Data perturbation protects information by adding “noise” to a database to render individual records unreadable to unauthorized users. Noise, in this case, could be anything that interrupts data transmission or communication by corrupting signal quality. Only authorized users can do away with the noise to understand the information sent.
Data perturbation is typically applied to electronic health records (EHRs) to protect sensitive information from prying eyes. Its use, however, is not limited to the healthcare industry.
Read More about “Data Perturbation”
Apart from hospitals and other healthcare service providers, data perturbation can protect the data that any organization that uses industrial control systems (ICS) transmits. Examples of ICS include machines in nuclear power plants, energy plants, and others that make industrial processes run. When hit by a cyber attack, they are likely to shut down an entire electric grid causing a massive blackout, for instance.
What Are the Types of Data Perturbation?
Data perturbation can be of two basic types—the probability distribution approach and the value distortion approach. How do these differ?

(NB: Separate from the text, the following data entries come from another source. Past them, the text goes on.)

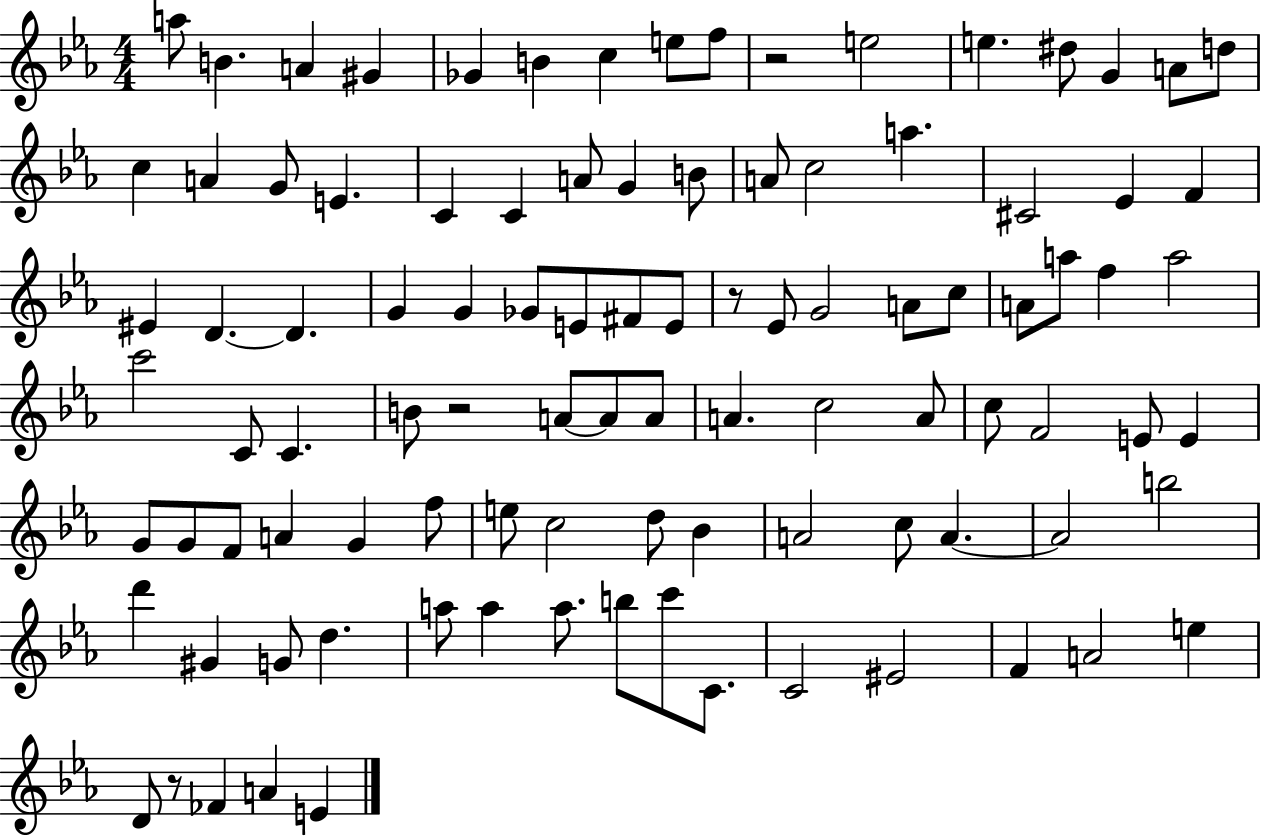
{
  \clef treble
  \numericTimeSignature
  \time 4/4
  \key ees \major
  a''8 b'4. a'4 gis'4 | ges'4 b'4 c''4 e''8 f''8 | r2 e''2 | e''4. dis''8 g'4 a'8 d''8 | \break c''4 a'4 g'8 e'4. | c'4 c'4 a'8 g'4 b'8 | a'8 c''2 a''4. | cis'2 ees'4 f'4 | \break eis'4 d'4.~~ d'4. | g'4 g'4 ges'8 e'8 fis'8 e'8 | r8 ees'8 g'2 a'8 c''8 | a'8 a''8 f''4 a''2 | \break c'''2 c'8 c'4. | b'8 r2 a'8~~ a'8 a'8 | a'4. c''2 a'8 | c''8 f'2 e'8 e'4 | \break g'8 g'8 f'8 a'4 g'4 f''8 | e''8 c''2 d''8 bes'4 | a'2 c''8 a'4.~~ | a'2 b''2 | \break d'''4 gis'4 g'8 d''4. | a''8 a''4 a''8. b''8 c'''8 c'8. | c'2 eis'2 | f'4 a'2 e''4 | \break d'8 r8 fes'4 a'4 e'4 | \bar "|."
}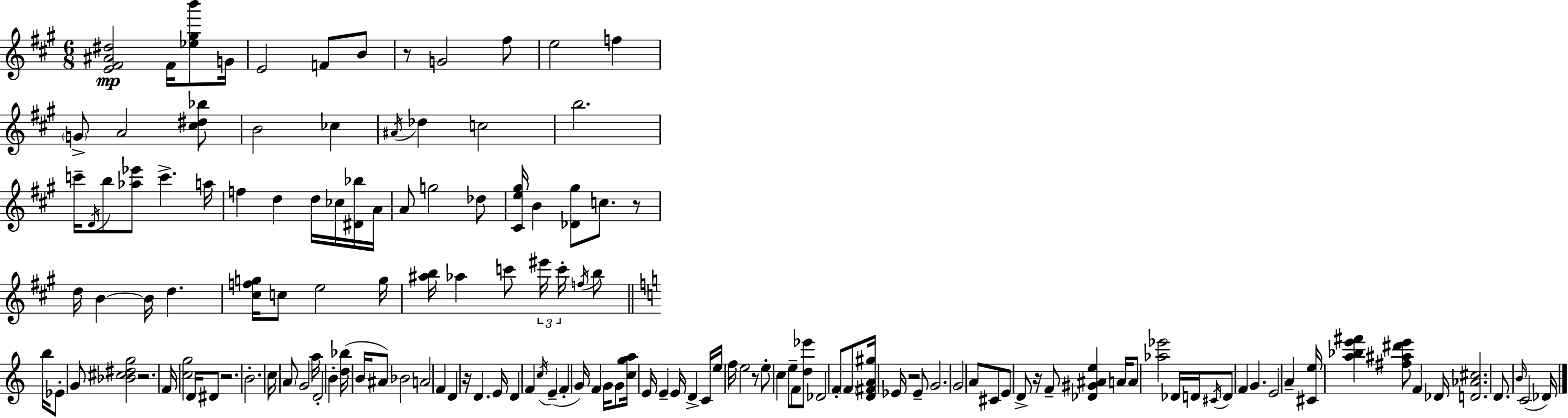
{
  \clef treble
  \numericTimeSignature
  \time 6/8
  \key a \major
  <e' fis' ais' dis''>2\mp fis'16 <ees'' gis'' b'''>8 g'16 | e'2 f'8 b'8 | r8 g'2 fis''8 | e''2 f''4 | \break \parenthesize g'8-> a'2 <cis'' dis'' bes''>8 | b'2 ces''4 | \acciaccatura { ais'16 } des''4 c''2 | b''2. | \break c'''16-- \acciaccatura { d'16 } b''8 <aes'' ees'''>8 c'''4.-> | a''16 f''4 d''4 d''16 ces''16 | <dis' bes''>16 a'16 a'8 g''2 | des''8 <cis' e'' gis''>16 b'4 <des' gis''>8 c''8. | \break r8 d''16 b'4~~ b'16 d''4. | <cis'' f'' g''>16 c''8 e''2 | g''16 <ais'' b''>16 aes''4 c'''8 \tuplet 3/2 { eis'''16 c'''16-. \acciaccatura { f''16 } } | b''8 \bar "||" \break \key c \major b''16 ees'8-. g'8 <bes' cis'' dis'' g''>2 | r2. | f'16 <c'' g''>2 d'16 dis'8 | r2. | \break b'2.-. | c''16 \parenthesize a'8 g'2 | a''16 d'2-. b'4-. | <d'' bes''>16( b'16 ais'8) bes'2 | \break a'2 f'4 | d'4 r16 d'4. | e'16 d'4 f'4 \acciaccatura { c''16 }( e'4-- | f'4-. g'16) f'4 g'16 | \break g'8 <c'' g'' a''>16 e'16 e'4-- e'16 d'4-> | c'16 e''16 f''16 e''2 | r8 e''8-. c''4 e''8-- f'8 | <d'' ees'''>8 des'2 f'8-. | \break \parenthesize f'8 <d' fis' a' gis''>16 ees'16 r2 | ees'8-- g'2. | g'2 a'8 | cis'8 e'8 d'8-> r16 f'8-- <des' gis' ais' e''>4 | \break a'16 a'8 <aes'' ees'''>2 | des'16 d'16 \acciaccatura { cis'16 } d'8 f'4 g'4. | e'2 a'4-- | <cis' e''>16 <a'' bes'' e''' fis'''>4 <fis'' ais'' dis''' e'''>8 f'4 | \break des'16 <d' aes' cis''>2. | d'8. \grace { b'16 }( c'2 | des'16) \bar "|."
}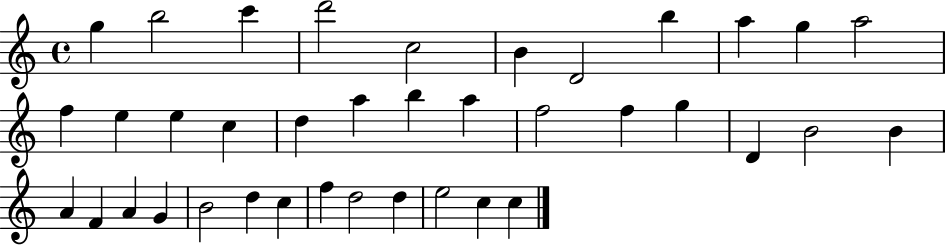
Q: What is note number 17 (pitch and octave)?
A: A5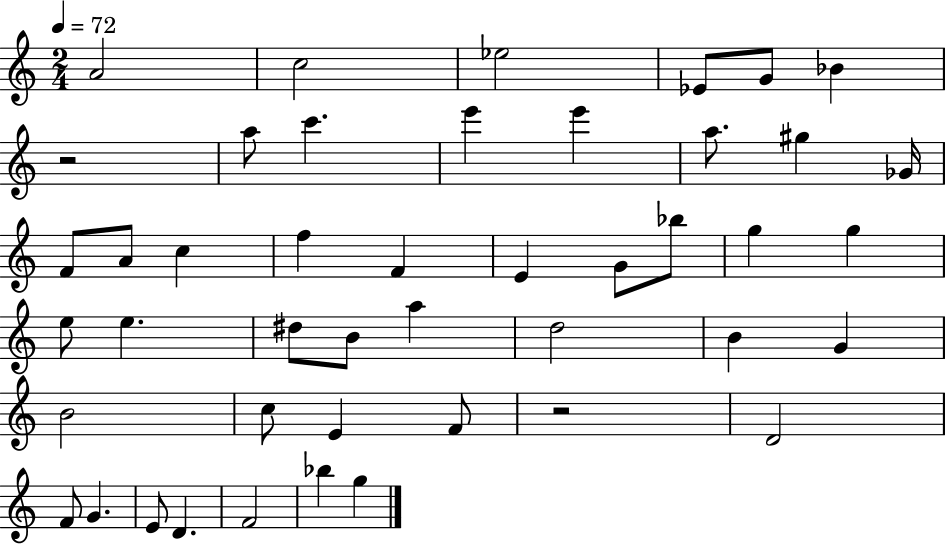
X:1
T:Untitled
M:2/4
L:1/4
K:C
A2 c2 _e2 _E/2 G/2 _B z2 a/2 c' e' e' a/2 ^g _G/4 F/2 A/2 c f F E G/2 _b/2 g g e/2 e ^d/2 B/2 a d2 B G B2 c/2 E F/2 z2 D2 F/2 G E/2 D F2 _b g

The probability distribution approach
The probability distribution approach takes the data and replaces it from the same distribution sample or the distribution itself. In a database that contains a patient’s name, address, phone number, and historical medical information, for example, the sender can scramble the patients’ names so they won’t match the details. He/She then gives the code to unscramble the patients’ names to only the intended receiver. That way, even if the database gets stolen or lost, nobody but authorized users can decipher the actual database’s content.
The value distortion approach
The value distortion approach, meanwhile, uses several additive noises or other randomization processes. It uses decision tree classifiers to assign each noise type to a database element if it meets specific criteria. Each data point can thus have many noises added to it.
If it still sounds too technical for you, it may be worth watching this video:
What Do You Need to Decipher Perturbed Data?
Companies that use data perturbation need to apply data mining to return perturbed data into its original form. Data mining typically requires specialized software that find patterns in massive data sets to make them readable or understandable.
Data Perturbation Tool #1: Weka 3.8
In 2019, researchers Ajmeera Kiran and Dr. D. Vasumathi presented Weka 3.8 to their peers. The tool specifically preserves the confidentiality of data through a random swapping method. Here is a flowchart of how Weka 3.8 can help users scramble confidential information:
With Weka 3.8, sensitive information in the original data set is swapped with one another to preserve privacy. The algorithm then determines how the data set was randomized in the last step so the recipient would know how to put the data set back to its original state.
Data Perturbation Tool #2: iHiMod-Perturb
Another data perturbation tool that healthcare organizations can use is iHiMod-Perturb, also publicized in 2019. The algorithm works very similar to Weka 3.8 in that it protects sensitive information from landing in the hands of malicious users. It is more complicated than Weka 3.8, though, because it uses a decision tree.
While several proponents of using data perturbation to protect sensitive information vouch for its effectiveness and ease of use, critics say that random additive noise can be filtered. When that happens, data breaches and privacy compromise can still occur. But given a choice between adding another layer of protection to confidential information through data perturbation or nothing, we’re more likely to tell organizations to go for it.